● WHAT THE TASK ASKS
Only one stretch of lines is wanted: the line with "Econo-Gel Seat Cushion, Sold" through the final line of the material. Restate it word for word, minus pictures.

● SUPPLIED RECORDS
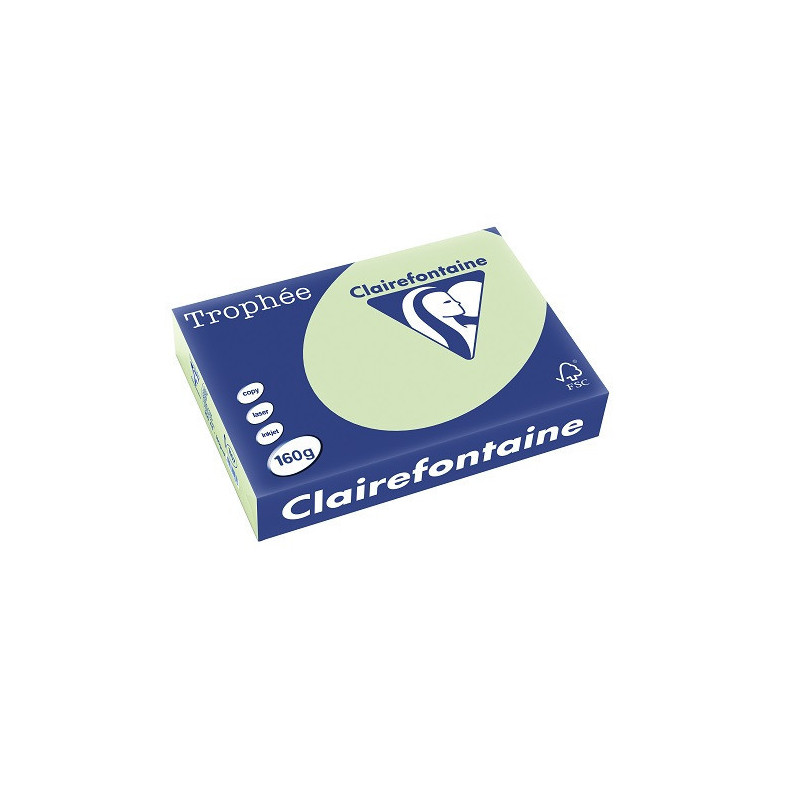 PAPIER REPRO CLAIREF. TROPHEE A4 160G VERT GOLF 250FLS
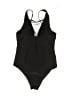 Unbranded Solid Black One Piece Swimsuit Size L - photo 2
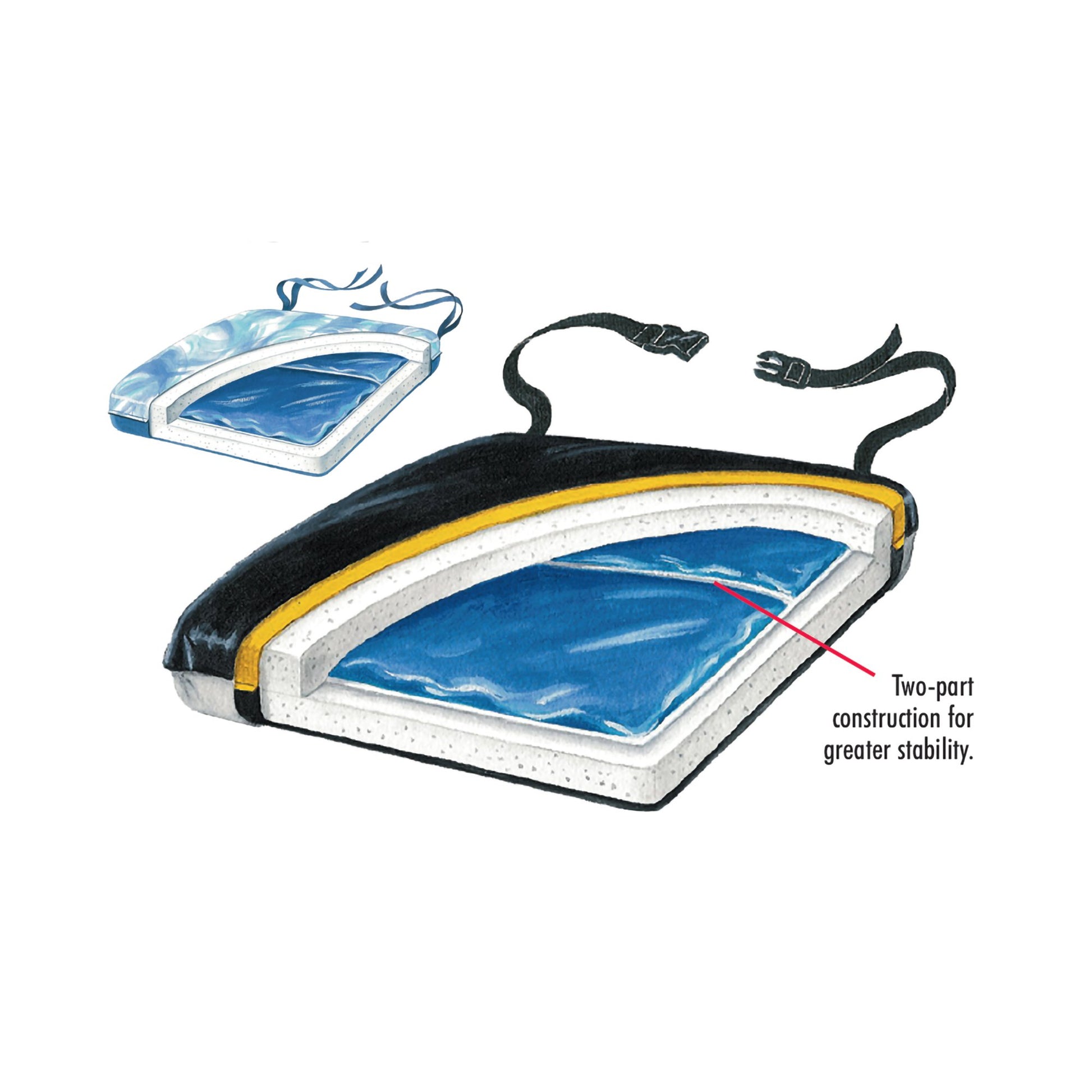 Econo-Gel Seat Cushion, Sold As 1/Each Skil-Care 751151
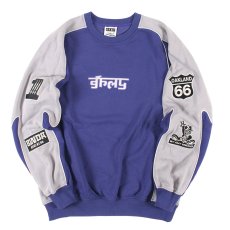 画像2: Race War Vintage Crewneck Sweat Blue プルオーバー クルーネック スウェット シャツ (2)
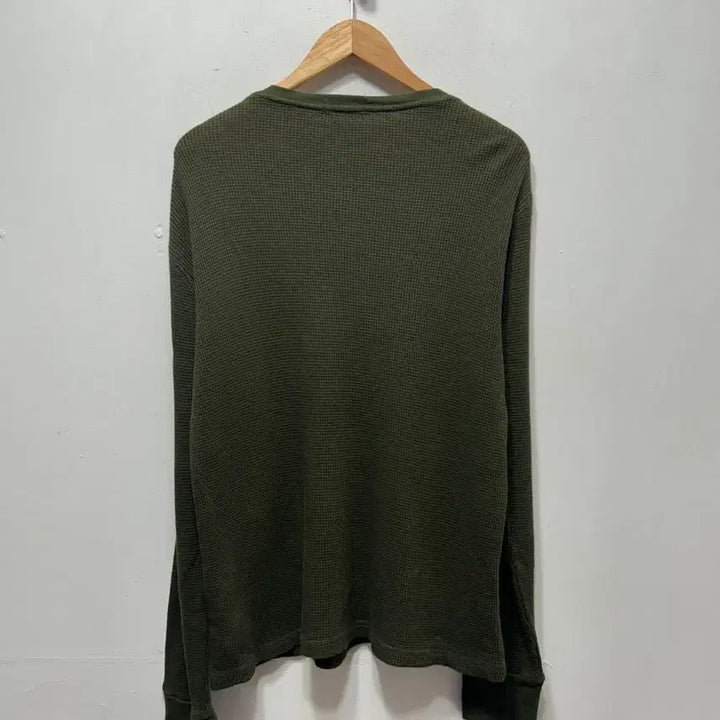 [BUNJANG] Polo Ralph Lauren Waffle Long Sleeve Olive XL / 폴로 랄프로렌 와플 긴팔티 올리브 XL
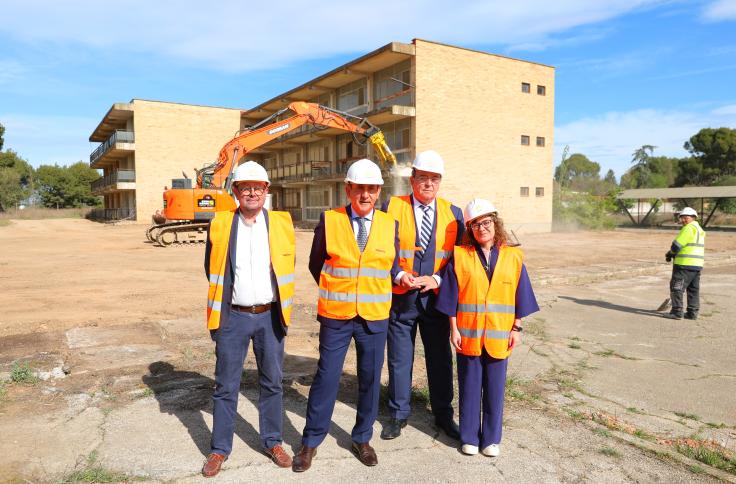 Inicio de las obras de transformación de la Universidad Laboral de Zaragoza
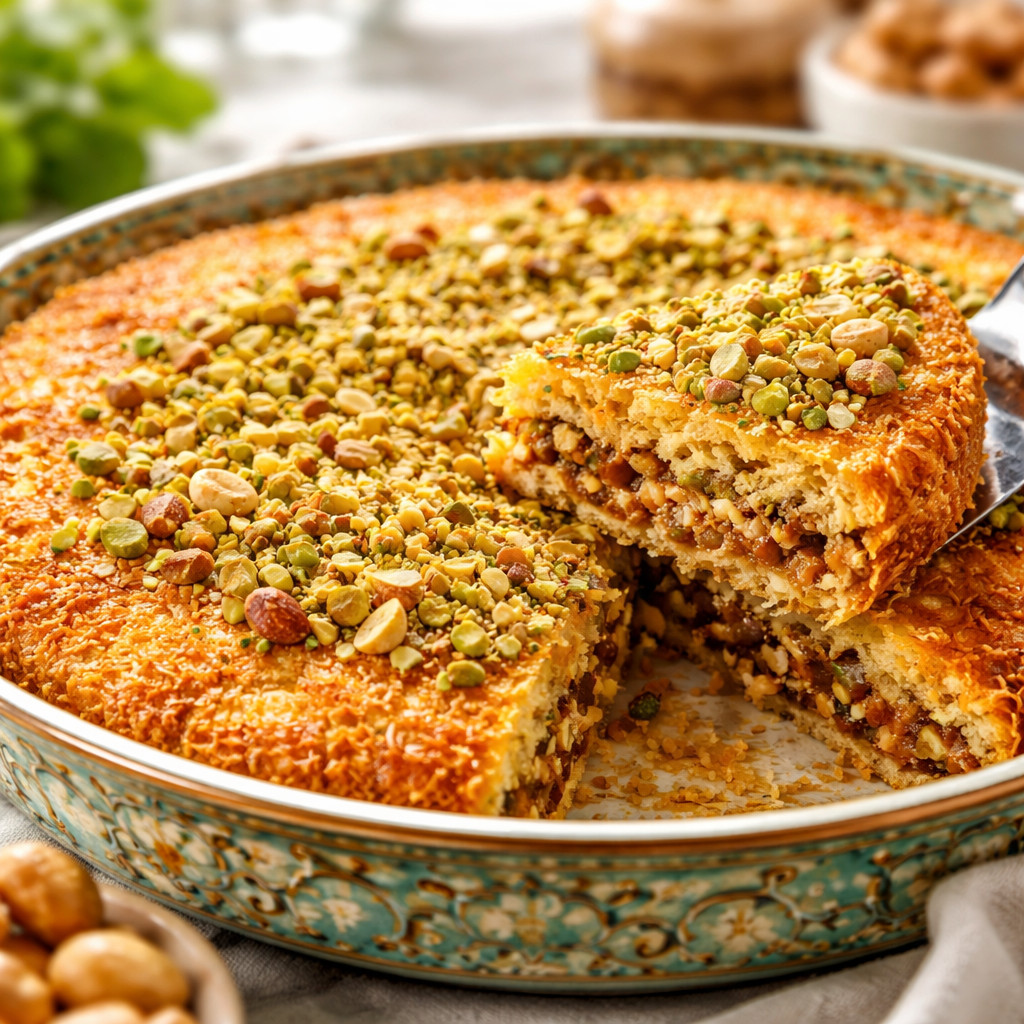 Knafeh aux noix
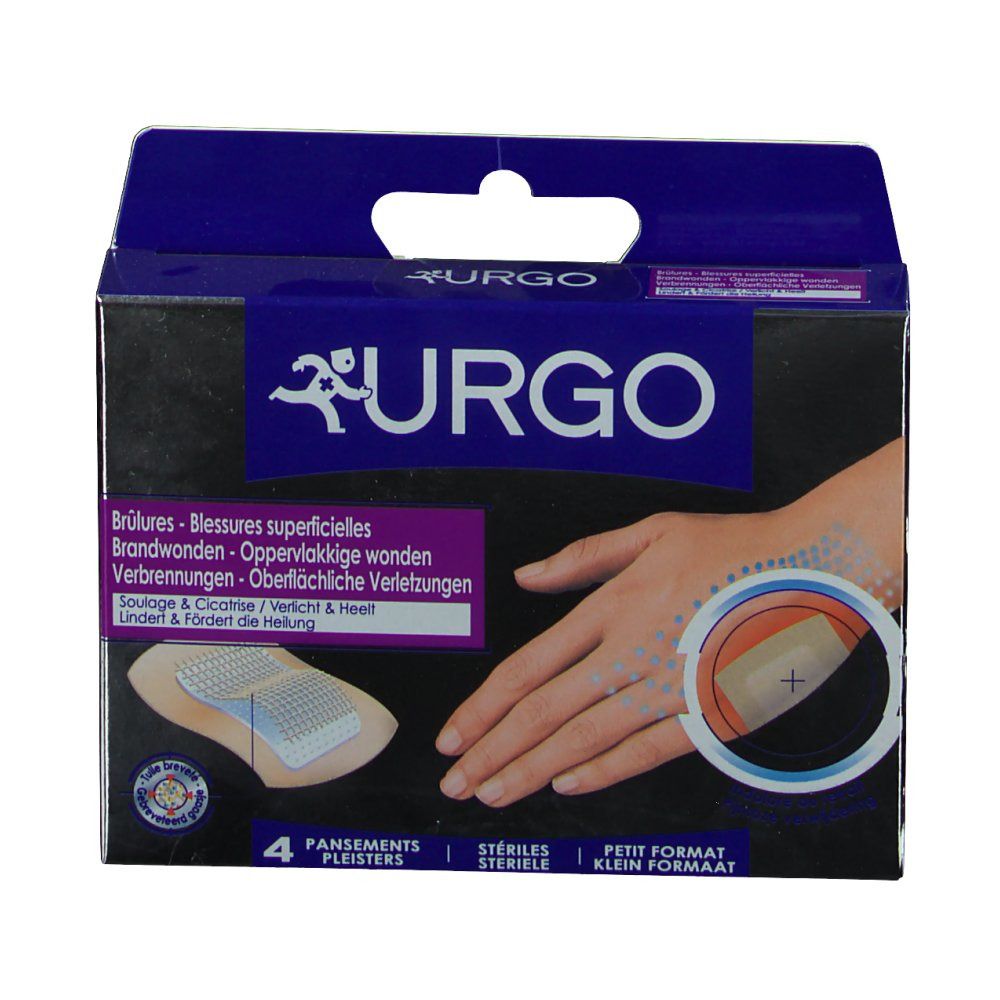 URGO  Pansement Brûlures - Blessures superficielles - Petit Format 5 x 7 cm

● EXERCISE ANSWER
 Econo-Gel Seat Cushion, Sold As 1/Each Skil-Care 751151
 画像2: Race War Vintage Crewneck Sweat Blue プルオーバー クルーネック スウェット シャツ (2)
 [BUNJANG] Polo Ralph Lauren Waffle Long Sleeve Olive XL / 폴로 랄프로렌 와플 긴팔티 올리브 XL
 Inicio de las obras de transformación de la Universidad Laboral de Zaragoza
 Knafeh aux noix
 URGO  Pansement Brûlures - Blessures superficielles - Petit Format 5 x 7 cm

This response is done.